Die Exosomen können jedoch auch im Labor isoliert und gezielt in das rheumatische Gelenk gespritzt werden, wodurch dessen Entzündung abklingt, wie Studien belegen. „In der klinischen Anwendung hat sich die Rheumatherapie mit Exosomen als machbar und sicher erwiesen. In bestimmten Fällen kann sie als sehr wirksame Therapie eingesetzt werden“, sagt Peter Wehling vom Zentrum für Molekulare Orthopädie Düsseldorf.
Die Wirkung hält allerdings nur einige Monate an, dann muss die Behandlung wiederholt werden. Das gilt auch für einen ähnlichen immunologischen Ansatz, bei dem gentechnisch modifizierte oder gespendete natürliche Antikörper ins Blut der Betroffenen injiziert werden (doi: 10.1016/j.immuni.2023.02.019). Einige dieser Antikörper richten sich pauschal gegen alle B-Zellen, andere konkret gegen knorpelschädigende Monozyten des Immunsystems. In beiden Fällen reduzieren die Immunglobuline erfolgreich die Gelenkschäden.
Hilfe aus der Krebstherapie
Eine andere Rheuma-Therapie ist noch spezifischer: So können Patienten heute individuell modifizierte T-Zellen verabreicht werden, die ausschließlich jene überschießenden B-Zell-Reaktionen ausschalten, die der Erkrankung zugrunde liegen. Dieses Verfahren wird CAR-T-Therapie genannt und schon länger zur Behandlung einiger Krebsarten eingesetzt.

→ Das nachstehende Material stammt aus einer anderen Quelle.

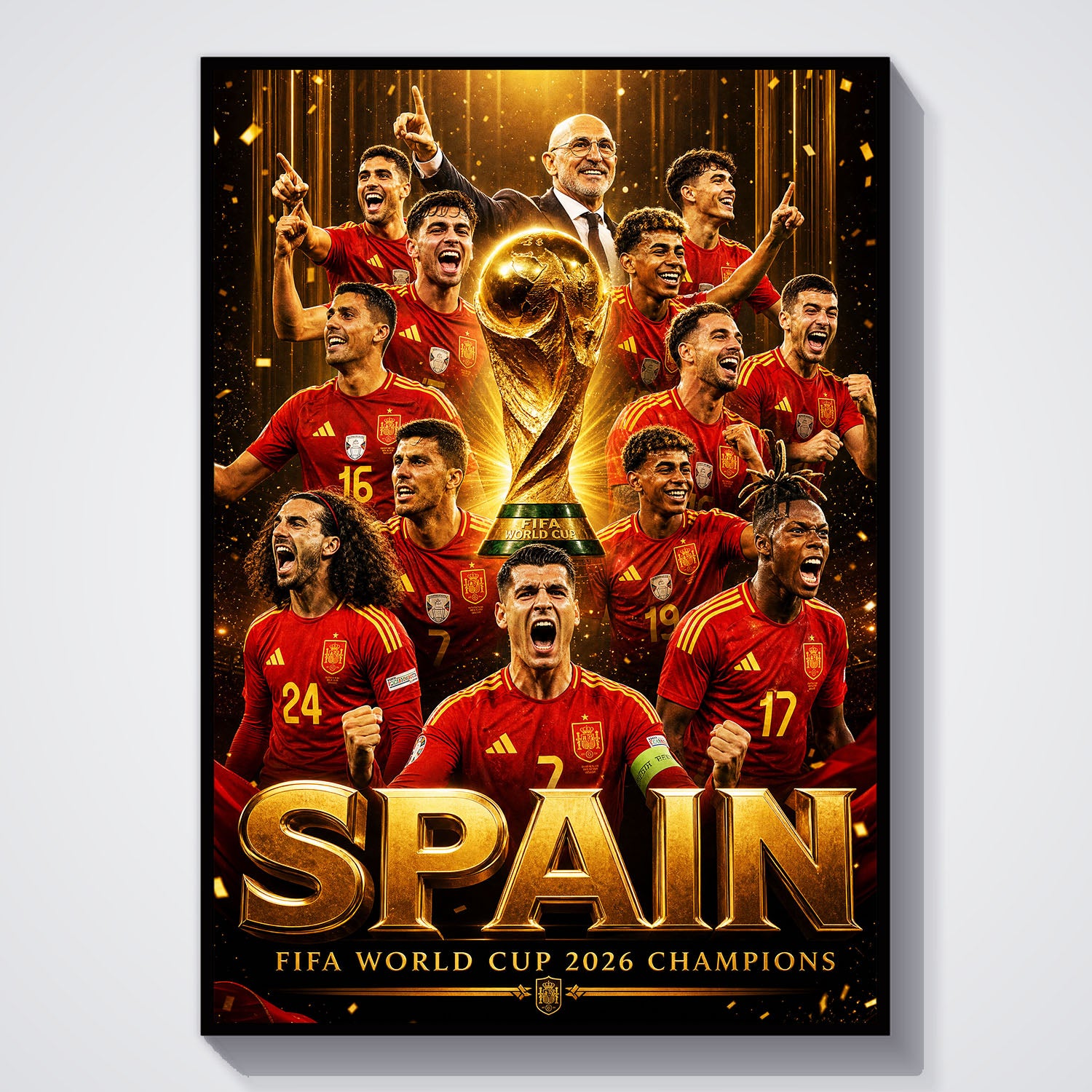 Flex Designs Poster Spain FIFA World Champions 2026 11 x 17" Home Goods - Sports  Poster
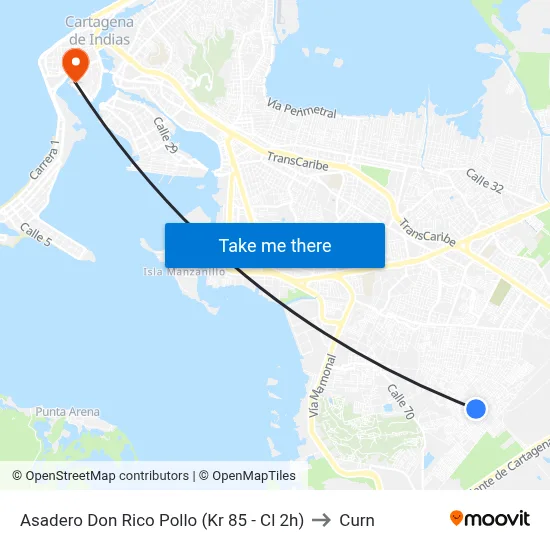 Asadero Don Rico Pollo (Kr 85 - Cl 2h) to Curn map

Doch erste Studien bei der Rheuma-Form des systemischen Lupus erythematodes legen nahe, dass diese T-Zell-basierte Immuntherapie auch bei einigen Rheuma-Krankheiten funktioniert. „Das Besondere dabei ist, dass eine einmalige Infusion von CAR-T-Zellen das Kartenhaus aus Entzündung und Autoimmunität zum Einsturz brachte und die Patienten alle anderen Therapien absetzen konnten“, betont Georg Schett von der Universität Erlangen-Nürnberg.